My mom loved holidays. And Christmas was the…tree topper. Every fall, my mom started listening to Christmas music. I think all of the stores took their cue from her.
Store Owner: “Listen up team. I just received word from the Twede’s paperboy that he heard Rudolph the Red Nosed Reindeer playing when he delivered the newspaper today. So Christmas season has officially started. Yes, I’m aware that Halloween is still a few weeks away. You must be new here. Someone go to the very back of the storeroom and drag out the boxes of Christmas albums and cassettes.”
“Tis better to give than receive.” I heard that a lot when I was growing up. Mostly around Christmas time. And usually when I was excavating a mountain of presents beneath the Christmas tree to count how many had my name on them. It was usually my mother’s voice I heard. And even though I would roll my eyes when she wasn’t looking, I understood the message because of who it was that delivered it. You see, my mom was a giver. Givers get more out of giving than getting. Givers give without expecting to get. Givers get just by giving. I could keep them coming, but I think you get my point.

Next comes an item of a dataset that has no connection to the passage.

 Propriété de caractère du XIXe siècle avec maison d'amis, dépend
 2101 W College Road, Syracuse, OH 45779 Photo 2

There’s a symbiotic relationship between givers and receivers. Imagine the chaos if the world’s entire population was comprised of just givers. Givers have to have a minimum of two things in order to survive. Oxygen and someone to give something to. Without oxygen, you can only survive for several minutes. Without someone to give something to, a giver will expire long before they run out of air. That is why receivers like me are so critical for the survivability and thrivability (made up word) of our species. I take my role as a receiver very seriously. Some may claim that I actually overachieve.
In October, my dear mother lost her long battle with Alzheimer’s Dementia. It was a battle she never had any chance of winning. It had been several years since she was able to enjoy the holidays she loved so much. Especially Christmas.

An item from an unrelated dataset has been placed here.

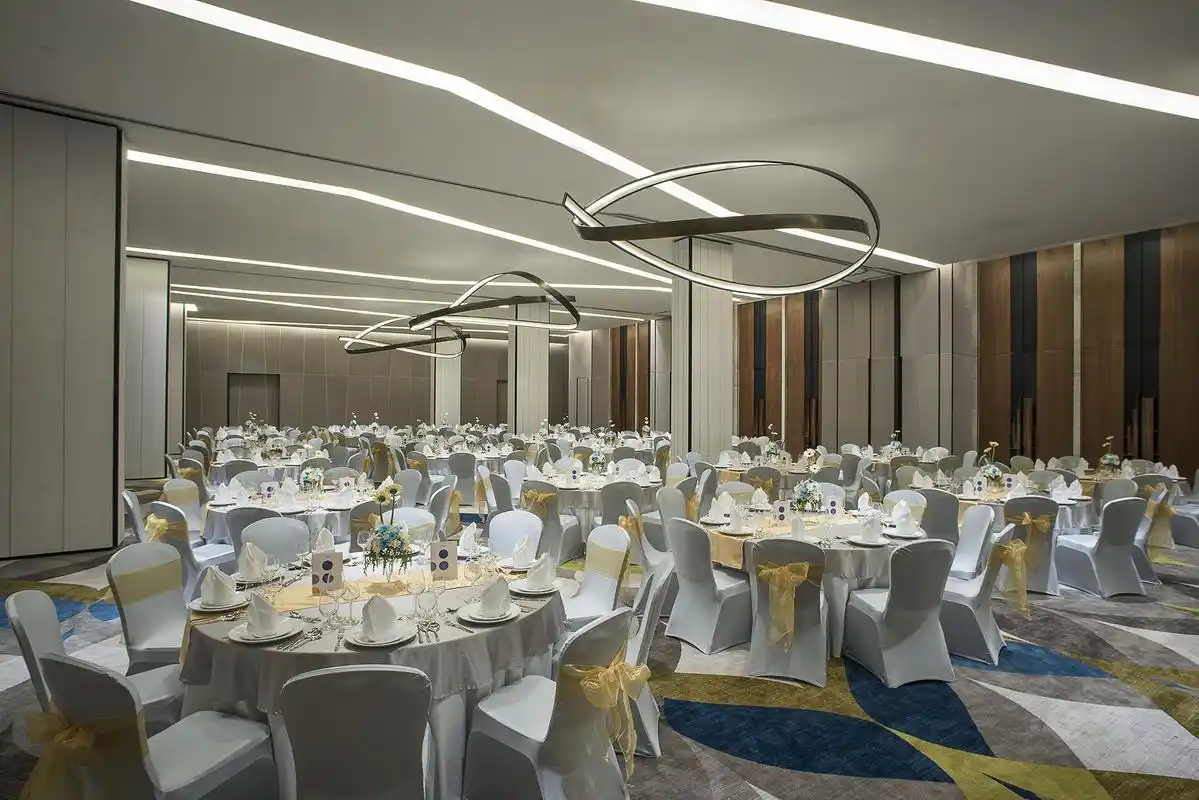 现代简约宴会厅装修效果图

Two months ago we held a memorial service for her. At the reception that followed, when people approached me to offer their condolences, they always started the conversation with, “I loved your mom,” and then proceeded to explain why. Their explanations varied, but the underlying theme was remarkably consistent. Either them or their children (often times, both) were on the receiving end of my mom’s giving. They would describe what she had done, and how much it meant to them. I listened, nodded, and thanked them for their kind words. But inwardly I found myself wondering what the big deal was. After all, what they described was just my mom being her normal mom self.

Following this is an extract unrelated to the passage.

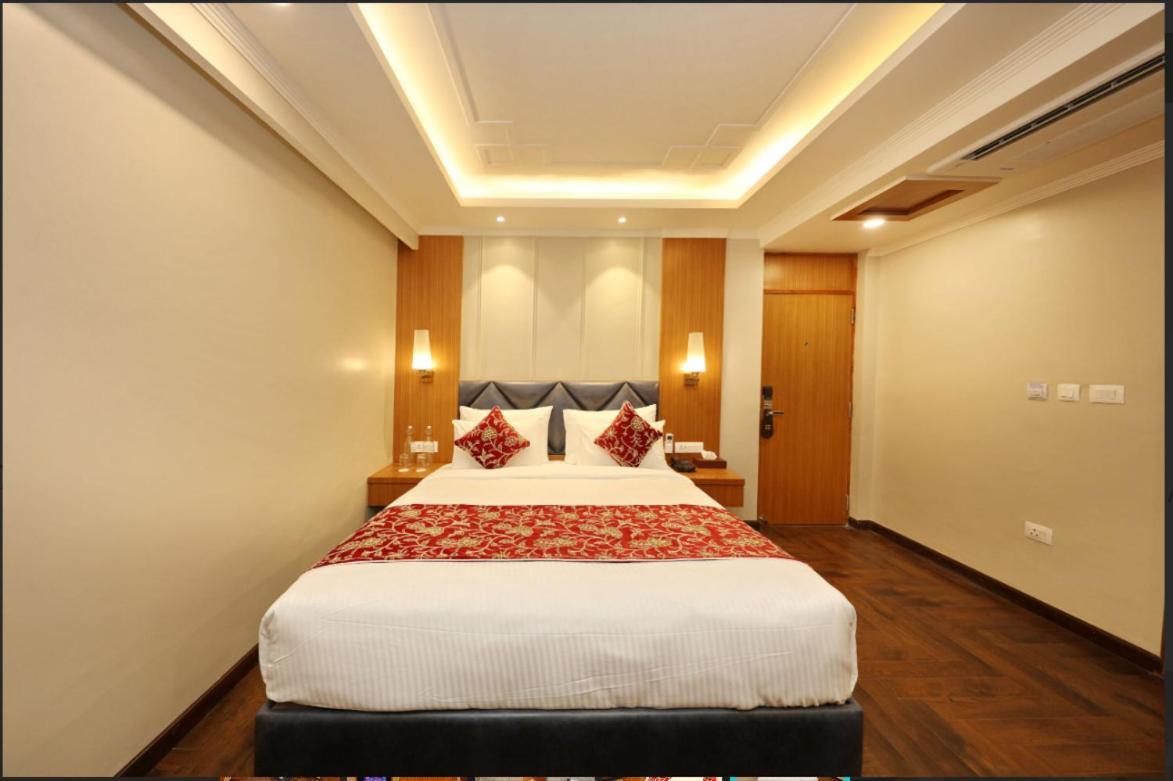 Hotel Blanco Srīnagar Zewnętrze zdjęcie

I have found that some people proudly display their good deeds and accolades in a well-placed, well-lit trophy case. Other people, like my mother, toss theirs in an old box in a poorly-lit basement, where they are quickly forgotten.
Sometimes we write things on Christmas lists that we know we’ll never actually get. But we add them anyway and hope for a Christmas miracle. It’s been a while since I’ve actually written a Christmas list, and even longer since I asked for something that I knew no amount of money could buy. What I’m about to wish for is not for me. It’s for two very special people. I wish that sometime and somewhere between my granddaughter’s arrival, and my mother’s departure, they were able to meet each other on their way to their final destinations.